* TASK DETAILS *
Find the line that contains "Amazonas avança no"; please output it and each line after it, exactly as shown, up to the end of the entries below, skipping pictures.

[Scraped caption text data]
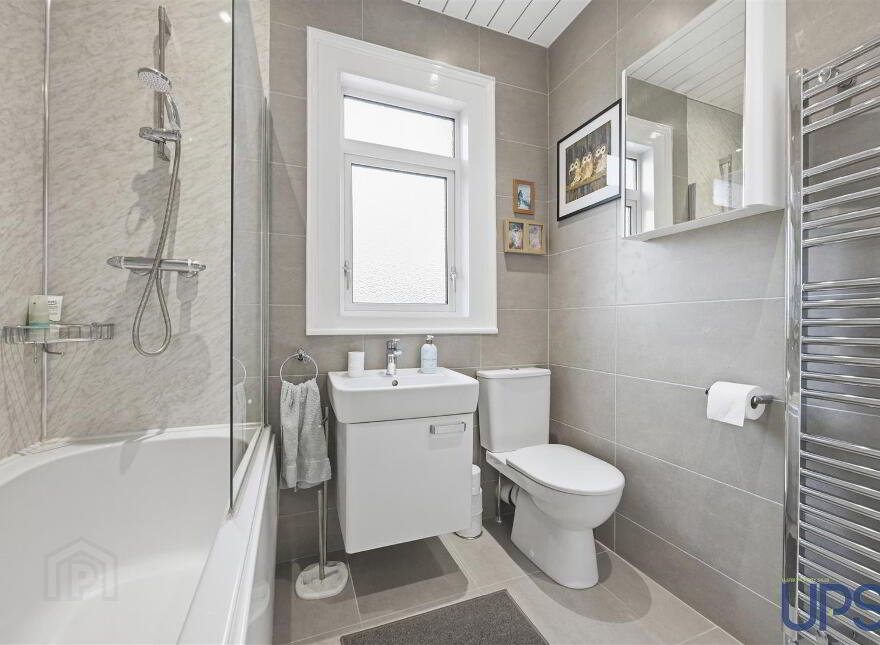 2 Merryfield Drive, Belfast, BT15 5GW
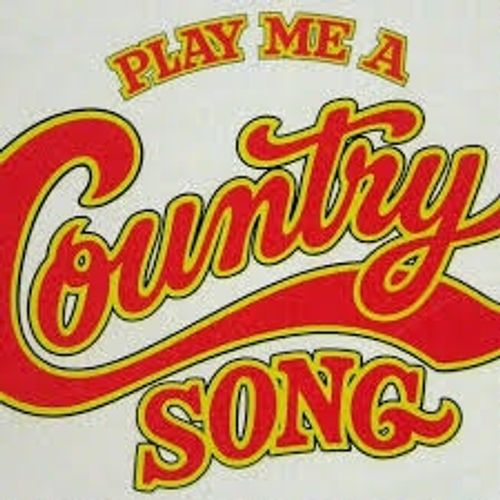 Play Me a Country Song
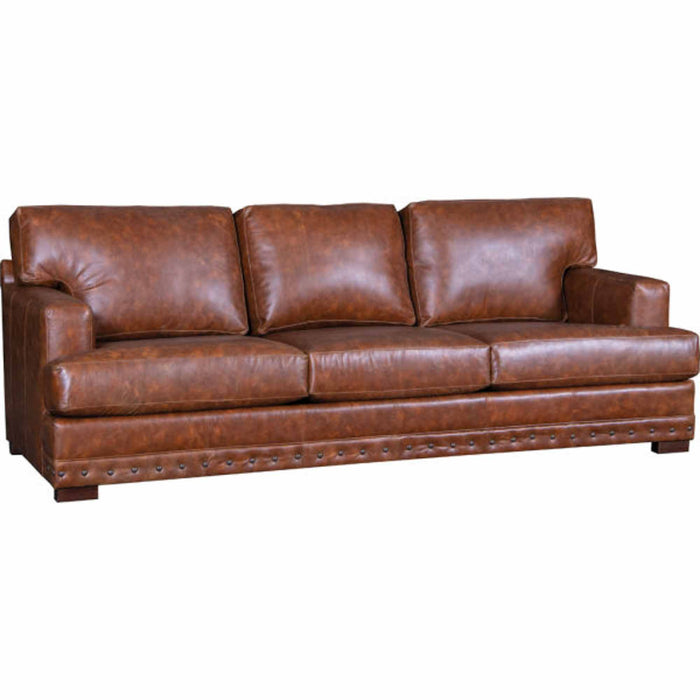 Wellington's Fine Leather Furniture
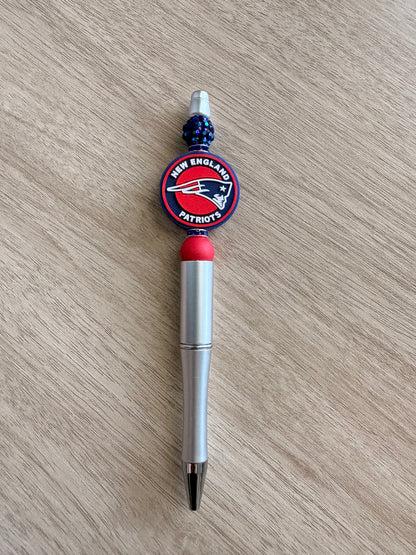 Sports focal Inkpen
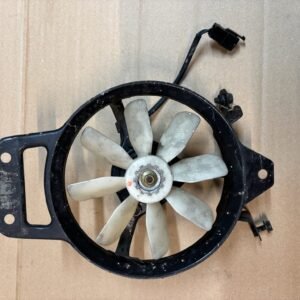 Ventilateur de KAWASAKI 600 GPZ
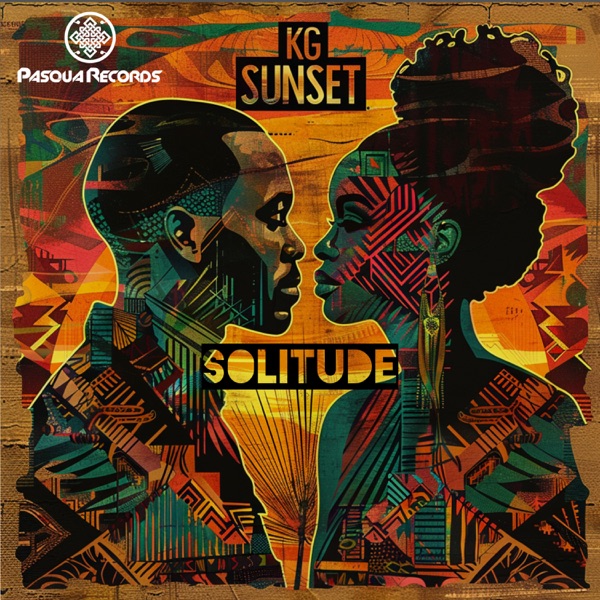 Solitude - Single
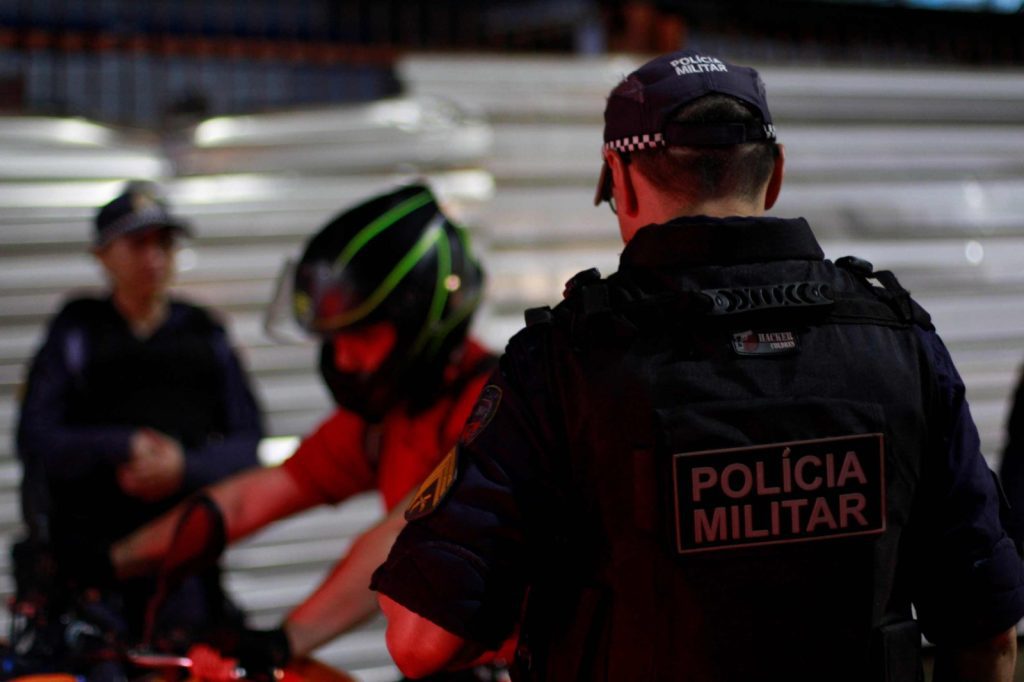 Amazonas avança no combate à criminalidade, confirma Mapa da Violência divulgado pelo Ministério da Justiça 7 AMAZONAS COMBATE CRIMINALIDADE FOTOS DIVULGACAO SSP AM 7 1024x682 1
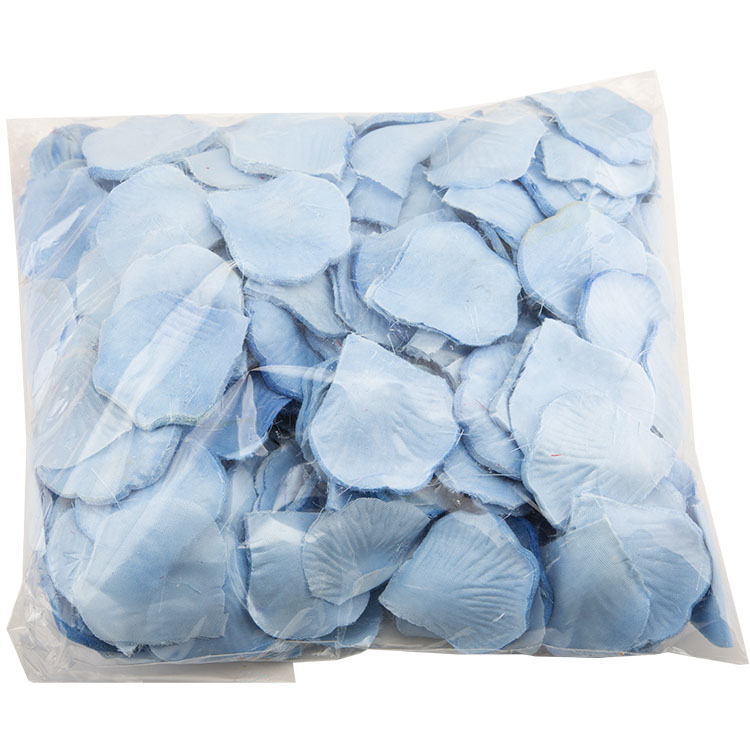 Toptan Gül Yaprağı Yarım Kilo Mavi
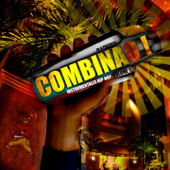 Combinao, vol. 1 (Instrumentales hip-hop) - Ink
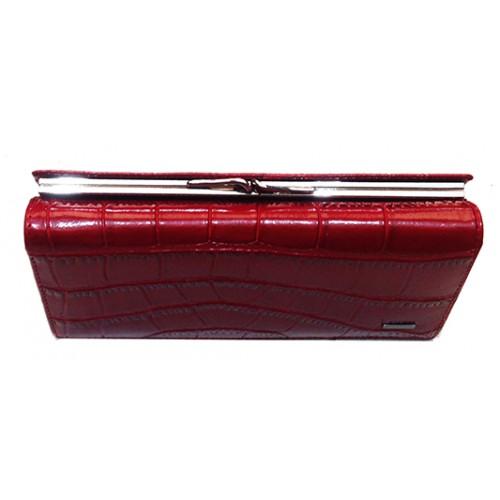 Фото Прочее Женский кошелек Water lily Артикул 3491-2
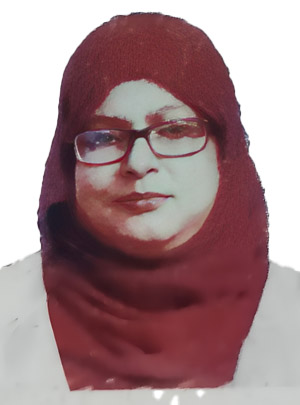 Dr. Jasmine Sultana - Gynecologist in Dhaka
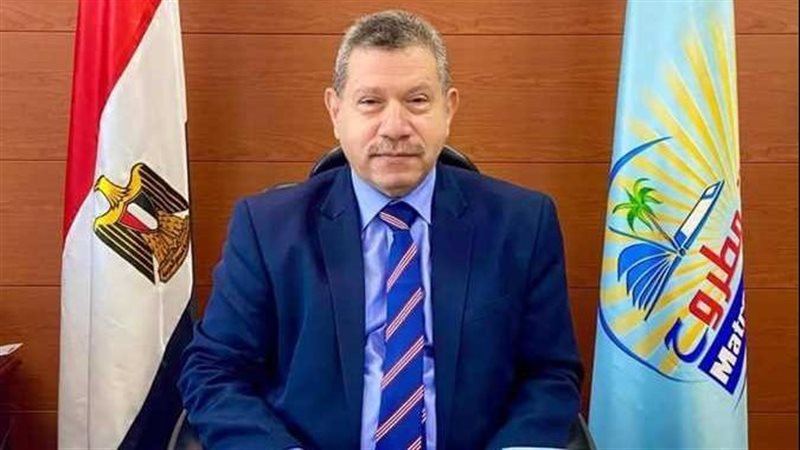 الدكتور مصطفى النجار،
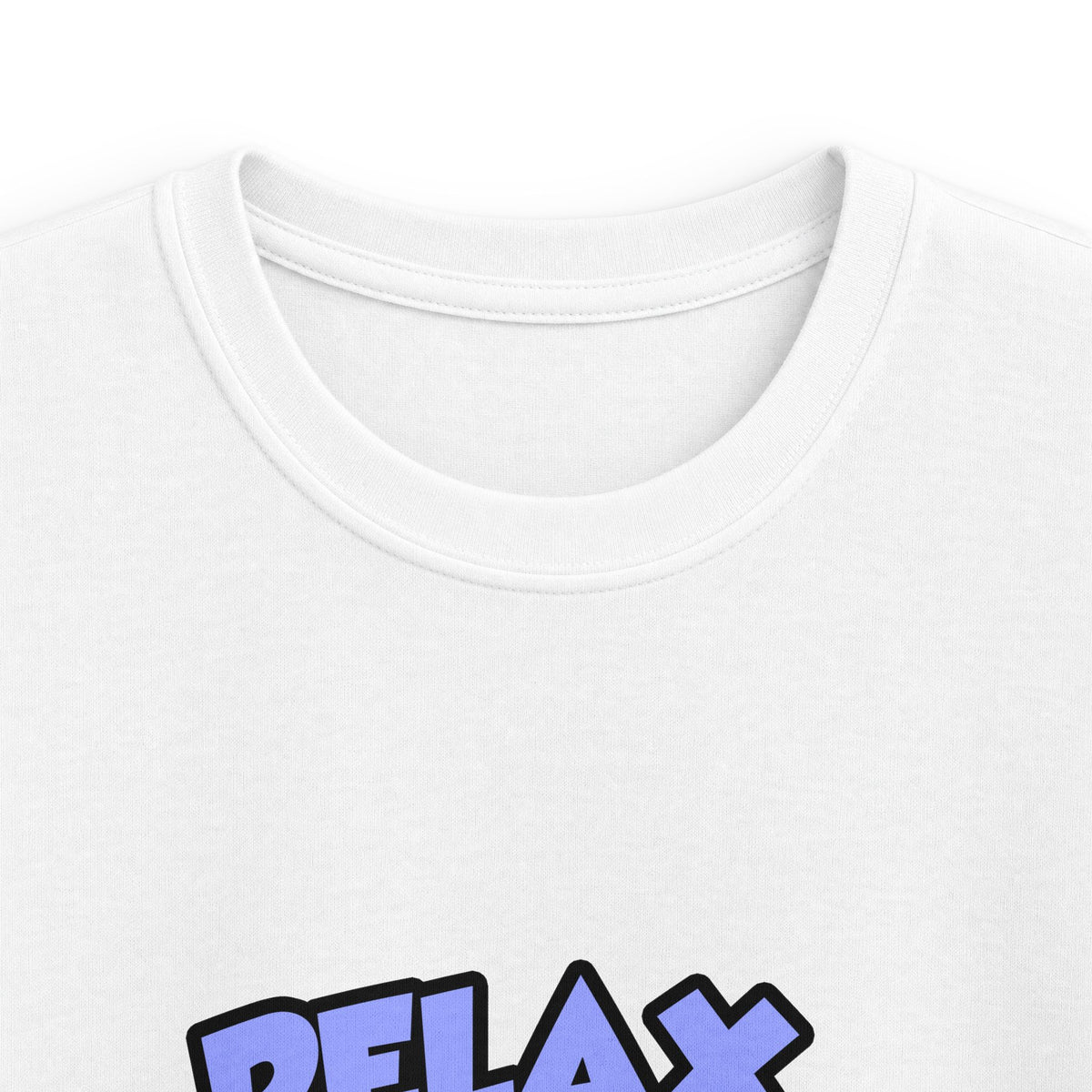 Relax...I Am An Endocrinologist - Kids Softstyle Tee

* SOLVED EXERCISE *
 Amazonas avança no combate à criminalidade, confirma Mapa da Violência divulgado pelo Ministério da Justiça 7 AMAZONAS COMBATE CRIMINALIDADE FOTOS DIVULGACAO SSP AM 7 1024x682 1
 Toptan Gül Yaprağı Yarım Kilo Mavi
 Combinao, vol. 1 (Instrumentales hip-hop) - Ink
 Фото Прочее Женский кошелек Water lily Артикул 3491-2
 Dr. Jasmine Sultana - Gynecologist in Dhaka
 الدكتور مصطفى النجار،
 Relax...I Am An Endocrinologist - Kids Softstyle Tee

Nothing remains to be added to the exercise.